Bug 216906 - [iSCSI] Bad CRC may not be correctly handled
Summary: [iSCSI] Bad CRC may not be correctly handled
Status: Closed Works As Intended
Alias: None
Product: Base System
Classification: Unclassified
Component: kern (show other bugs)
Version: CURRENT
Hardware: Any Any
: --- Affects Some People
Assignee: freebsd-scsi (Nobody)
URL:
Keywords:
Depends on:
Blocks:
 
Reported: 2017-02-08 08:42 UTC by Ben RUBSON
Modified: 2017-11-04 13:29 UTC (History)
1 user (show)

See Also:


Attachments

Note You need to log in before you can comment on or make changes to this bug.
Description Ben RUBSON 2017-02-08 08:42:09 UTC
Hello,

Adding hardware CRC32C support to FreeBSD (#216467), we found that iSCSI CRC errors may not be correctly handled.

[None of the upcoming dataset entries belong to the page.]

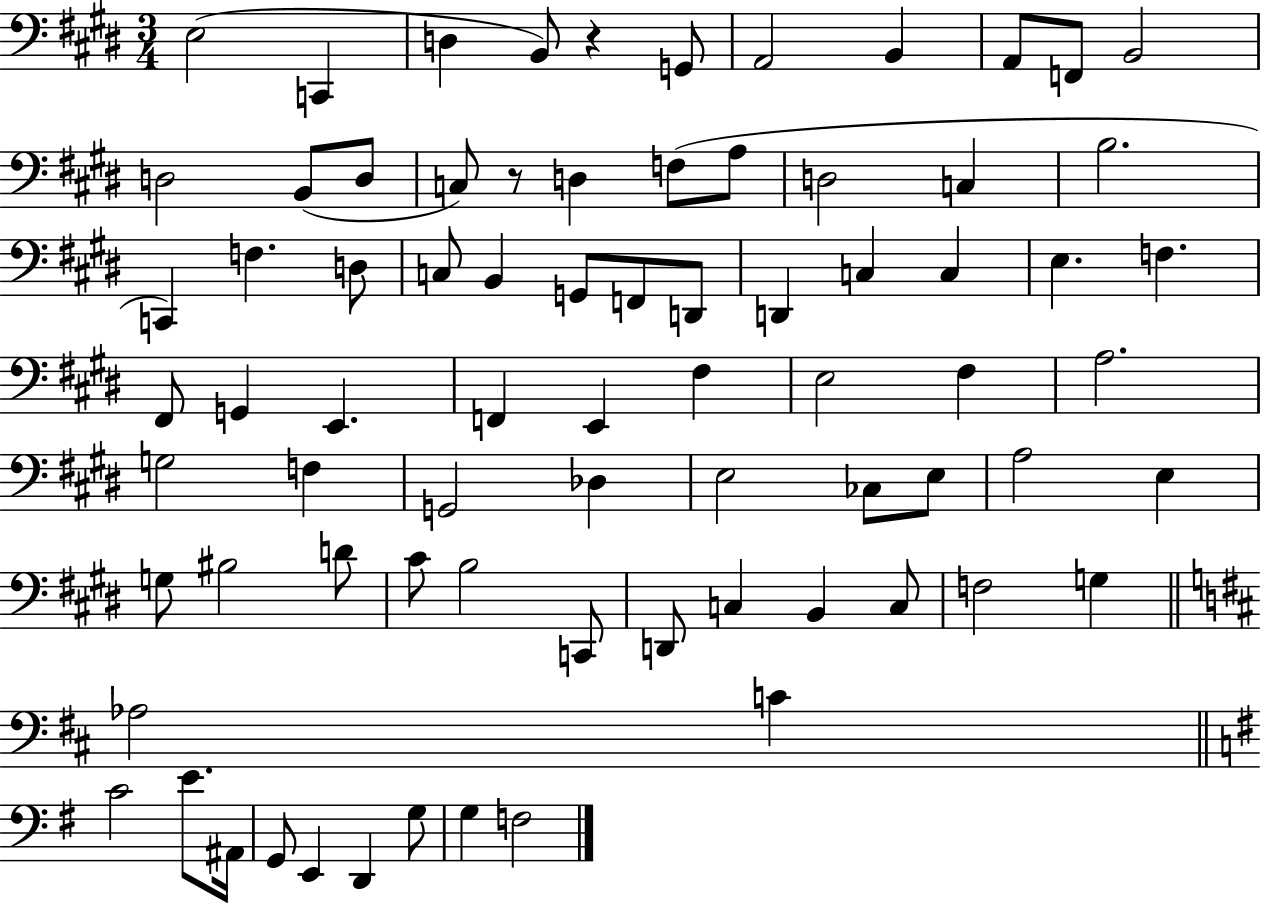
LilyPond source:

{
  \clef bass
  \numericTimeSignature
  \time 3/4
  \key e \major
  e2( c,4 | d4 b,8) r4 g,8 | a,2 b,4 | a,8 f,8 b,2 | \break d2 b,8( d8 | c8) r8 d4 f8( a8 | d2 c4 | b2. | \break c,4) f4. d8 | c8 b,4 g,8 f,8 d,8 | d,4 c4 c4 | e4. f4. | \break fis,8 g,4 e,4. | f,4 e,4 fis4 | e2 fis4 | a2. | \break g2 f4 | g,2 des4 | e2 ces8 e8 | a2 e4 | \break g8 bis2 d'8 | cis'8 b2 c,8 | d,8 c4 b,4 c8 | f2 g4 | \break \bar "||" \break \key d \major aes2 c'4 | \bar "||" \break \key g \major c'2 e'8. ais,16 | g,8 e,4 d,4 g8 | g4 f2 | \bar "|."
}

When one of the patch #216467 versions generated bad CRC, here is how the iSCSI test disk behaved :
disk connected successfully (here the CRC were certainly right), but as soon as there were some trafic, disk hung, and it was not possible to recover it, reboot needed.

From /var/log/messages :
kernel: WARNING: 192.168.2.1 (iqn.2012-06.srv1:rT1): no ping reply (NOP-In) after 5 seconds; reconnecting
srv1 last message repeated 31 times
srv1 last message repeated 42 times

No digest failed message.

Should we try to reproduce / investigate on this ?

Many thanks !

Ben
Comment 1 Conrad Meyer freebsd_committer freebsd_triage 2017-02-08 16:46:32 UTC
I believe this was due to an infinite loop (bug) in that CRC code, not bad checksums.  However, if someone wants to verify this one way or another, I'd suggest adding a fail point (fail(9)) in iSCSI to forcibly fail checksums in testing.
Comment 2 Edward Tomasz Napierala freebsd_committer freebsd_triage 2017-04-11 19:57:49 UTC
Ben, can you reproduce this?
Comment 3 Ben RUBSON 2017-04-13 08:37:08 UTC
Reproduce I would say no, as the issue was thrown by a bug in #216467 patch (which of course has been corrected).
Conrad says he believes this was due to an infinite loop.
But don't you think it would be interesting to be sure iSCSI correctly handles bad checksums ? To be sure it correctly behaves, without hanging disks, without having to reboot the server... ?
Not sure however how to force bad checksums to perform this test...
Thank you !
Comment 4 Edward Tomasz Napierala freebsd_committer freebsd_triage 2017-11-04 13:29:49 UTC
The code has been tested at some point (before it got first committed), it's quite straighforward, and I see no reason to belive it somehow got broken since then.